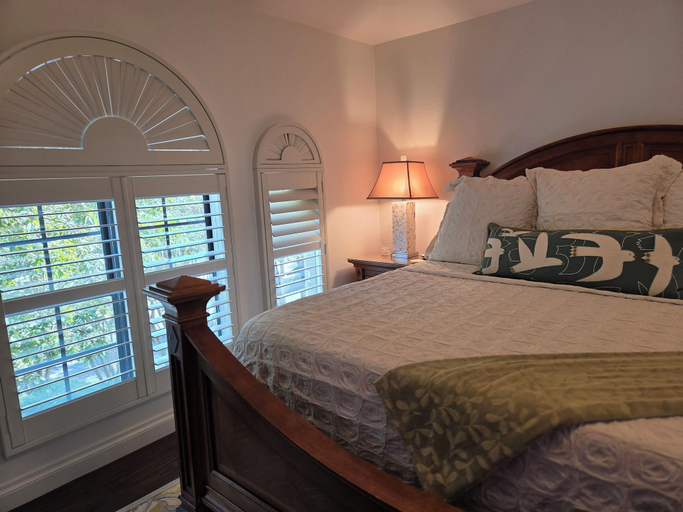 Room 5, Haven Getaway, Bell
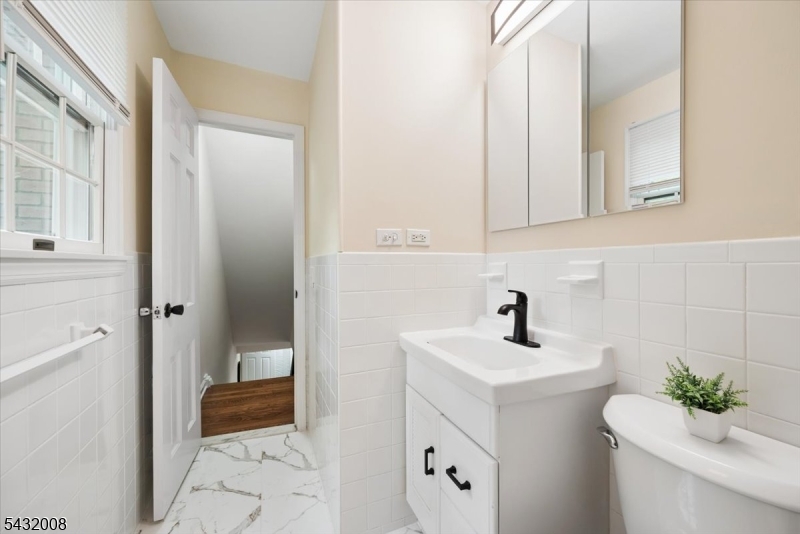 Puddingstone Heights - Residential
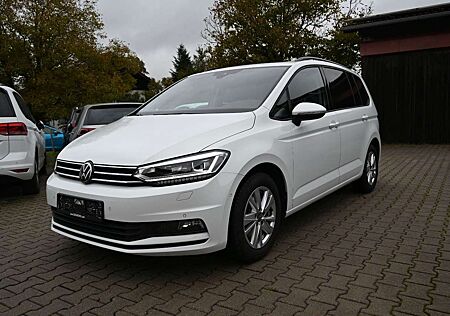 VW Touran Volkswagen Highline/Voll/Pano/LED/AHK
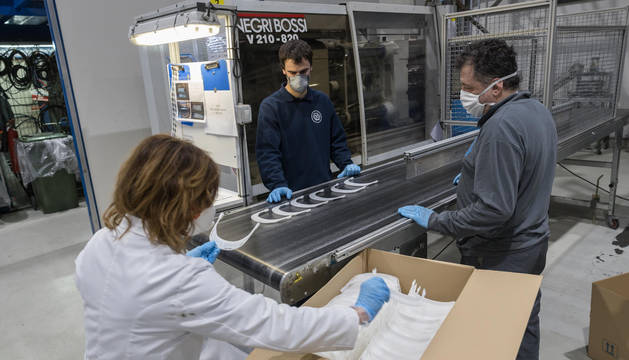 Foto de Marisa Fernández Ruiz, Pablo García Clavijo (corresponsable de talleres) y Rogelio Pérez Alegría con las primeras viseras fabricadas.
......
AIM OF THE EXERCISE>
From the first line to the last, retype the data exactly, but omit every image.

ANSWER>
 Room 5, Haven Getaway, Bell
 Puddingstone Heights - Residential
 VW Touran Volkswagen Highline/Voll/Pano/LED/AHK
 Foto de Marisa Fernández Ruiz, Pablo García Clavijo (corresponsable de talleres) y Rogelio Pérez Alegría con las primeras viseras fabricadas.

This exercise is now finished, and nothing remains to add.